Mark “Spike” Stent assure le mixage et la production finale de l’album, sorti le 30 août 2004 au Royaume-Uni. L’étendue des moyens et le confort de création d’une artiste au statut de star peuvent laisser rêveur. Ils permettent la réalisation d’une œuvre collective, rappelant l’image de l’atelier d’artiste ou encore le travail des Beatles, depuis la conception des morceaux jusqu’aux vidéo-clips raffinés (Spike Jonze, Gabriela Fridriksdóttir…). Les multiples compétences rassemblées sont orchestrées par le talent de Björk au service de sa vision artistique. Elle embrasse les possibilités de la réalité virtuelle et de l’interactivité (exposition « Björk Digital », 2016).

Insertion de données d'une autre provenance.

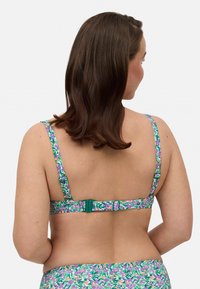 Sujeto colorido con un patrón, presenta un broche verde y tirantes ajustables. La tela muestra una mezcla de tonos púrpura, verde y rosa en un diseño floral.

Son originalité et son monde intérieur continuent de s’exprimer à travers tous les albums suivants, transcendant toujours plus les catégories musicales populaire, savante, expérimentale ou folklorique.
Guillaume Kosmicki
Tiré de “Musique savantes, De John Zorn à la fin du monde et après…” 1990-2015 aux éditions Le mot et le reste
1. Le human beatbox ou tout simplement beatbox est une technique vocale apparue avec la culture hip-hop dans les années soixante-dix, dans laquelle le chanteur imite les sons d’une batterie ou d’une boîte à rythmes avec sa voix, mais aussi de toutes sortes d’autres instruments.